Then, and I hear this all the time when people use my process, the call they get from the H.R. professional is, "I just got your resume, but I need more information." At that point, you say, "I submitted my short form resume to get your attention. Evidently that worked. Let me have your email address. I will send over my long form to you on the spot, right now." That is it.
It is kind of like Oprah, when she finishes a segment on TV she says, "Stick around. We'll be right back after this break. We'll teach you how to be a millionaire." Well, you stick around hoping that you are going to learn. It's the same thing. It is the tease model. Set it out there, but nail it. It is razor sharp. It is focused, and it made it through the software.
Shelley: Absolutely. Going back 15, nearly 20 years now ... that's ageing me ... I was H.R. Manager in a startup facility and I had 1,500 resumes to go through for about 50 positions in the business.
Rick: You know what? I appreciate that. I was with a friend of mine recently, and she has a little boutique staffing company. I mean little, four or five people and she operates an office here, in Houston, and also in Calgary, Alberta, Canada. At that moment in time, she had 1,100 resumes sitting in her inbox. That's a normal day.
Shelley: Absolutely. At that time, that was when I became a fan of the one page resume. The truth was I rarely went past page one because I was just in overwhelm mode with so many. So I stand here saying to you, "Thank goodness somebody is teaching people about one page resumes," because it really is critical. But it is what you put on that one page that is so important.
Rick: Yes.
Shelley: You and I, in our previous discussions, are both of like mind, which is focus on your achievements, which you mentioned before, and be results focused. Do you want to share with everyone today a little bit more about what you feel is the most important thing to have on that one page resume?

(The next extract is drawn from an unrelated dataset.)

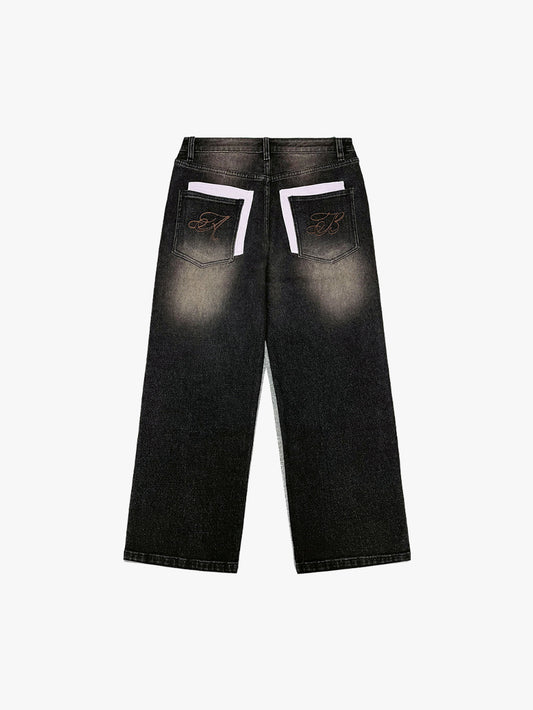 STUDDED WASHED BAGGY JEANS (DARK DENIM)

Rick: I will tell you what, the very first thing is in my header, and I have designed the header very distinctly and very deliberate. Anybody can go to my website, RickGills.com There is a pre-resume tab. They can click on this and they can view this information at no cost to them.

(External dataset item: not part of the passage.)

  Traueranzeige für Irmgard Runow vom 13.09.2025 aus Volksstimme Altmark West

The very first thing, the header has an enormous amount of information in a very small piece of space. The first thing I would like to say, instead of what to put on, how about what not to put on? How about leave off your physical address? That is the first place that a recruiter goes to and red-lines you because you live too far away from the job site. Am I correct Shelley?
Shelley: Yes, absolutely.
Rick: You agree with that?
Shelley: Unfortunately, I know it happens - and I have a couple of times made decisions myself based on someone's address.
Rick: I tell people, leave that off. Now myself, I live outside of Houston, Texas. I am not going to say where I live. I am going to say Houston, Texas if I am even going to put the name of the city.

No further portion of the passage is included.